Small Data in Predictive Toxicology: Towards Automated Hypothesis Generation and Testing for Hepato- and Nephrotoxicity

Drug development is affected by high rates of failure due to unexpected toxic effects, some discovered even after drugs have been marketed. The difficulty of detecting all possible toxic effects of a drug lies in the inability to include in clinical trials all possible influences of life-styles and the person-to-person genetic variability.

In this project, we are exploring the use of social media as a promising source of clinical data that is currently largely untapped. Social media like Twitter offers a wealth of data where users report their own experiences. In this project, we are setting the basis to exploit social media to find hints of connections between drug use and side effects (the Small Data).

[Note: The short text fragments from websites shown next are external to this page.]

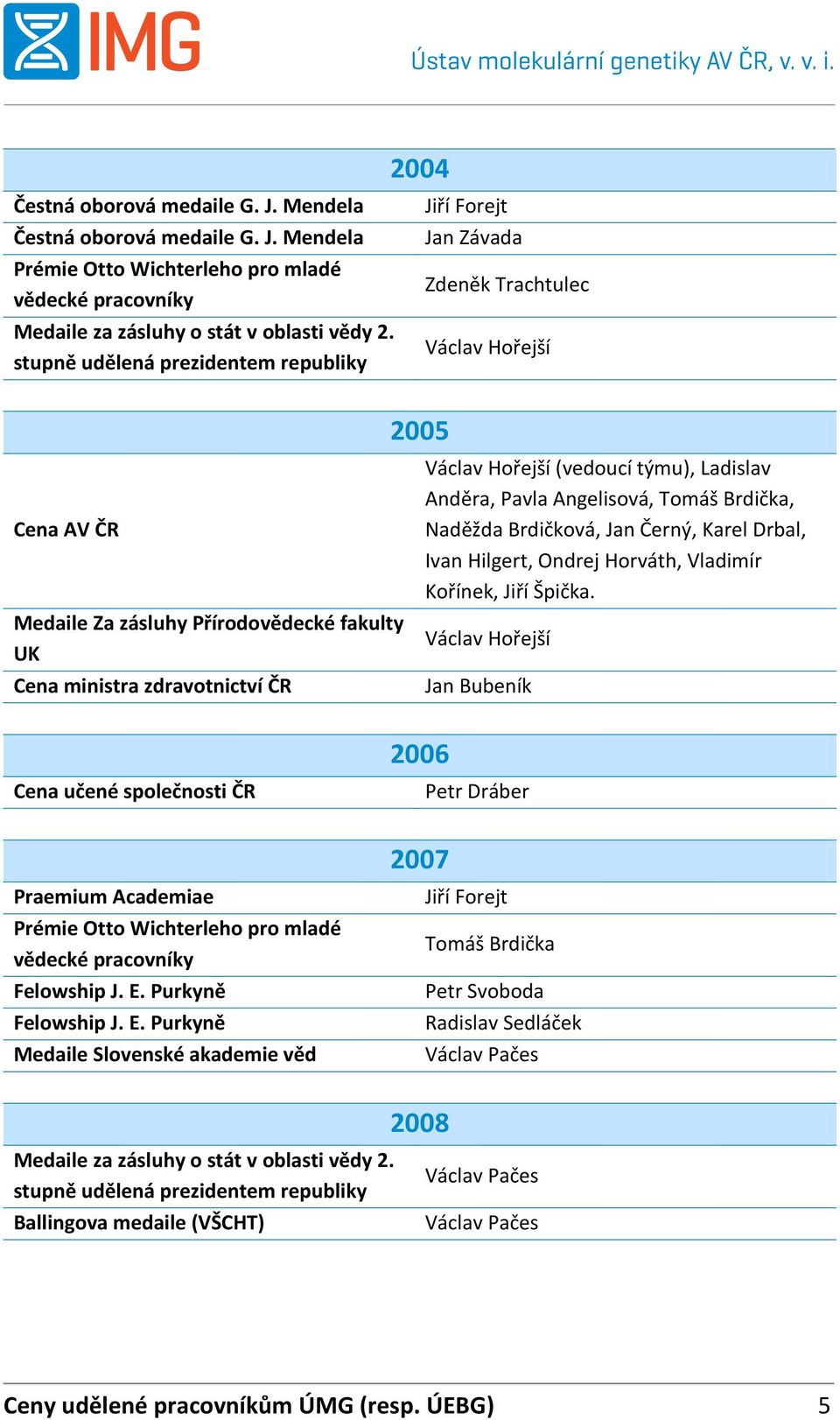 Pavla Angelisová, Tomáš Brdička, Naděžda Brdičková, Jan Černý, Karel Drbal, Ivan Hilgert, Ondrej Horváth, Vladimír Kořínek, Jiří Špička. Cena učené společnosti ČR Praemium Academiae Felowship J. E.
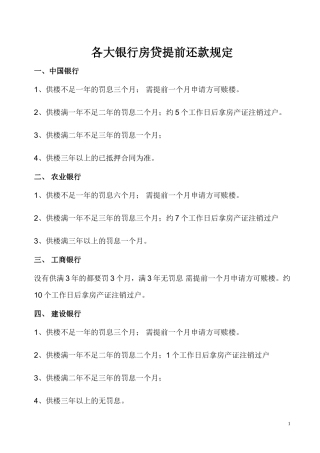 各大银行房贷提前还款规定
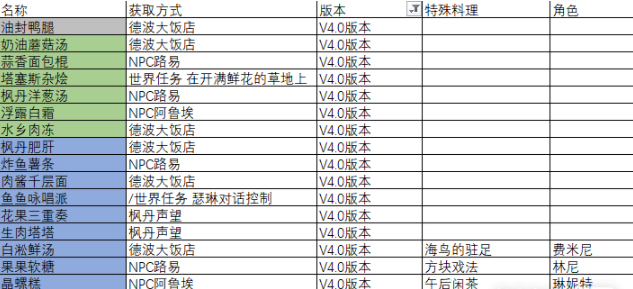 原神4.0枫丹食谱怎么获取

Texts indicative of adverse effects will be contrasted with toxicogenomics databases, which report the effects of drugs and pollutants in biological samples (human and animal cell lines, and animal organs). In particular, profiles following the gene expression changes of thousands of genes provide great detail of the effects of chemicals at the molecular level. We will focus on hepatotoxicity and nephrotoxicity where the interplay between the chemical, its metabolized derivatives, and the implication of other tissues (e.g. the kidney clearing metabolized derivatives), generates scenarios that are difficult to relate to the biological models used. Here we will use social media to find the optimal models and cohorts that address particular aspects of drug toxicity.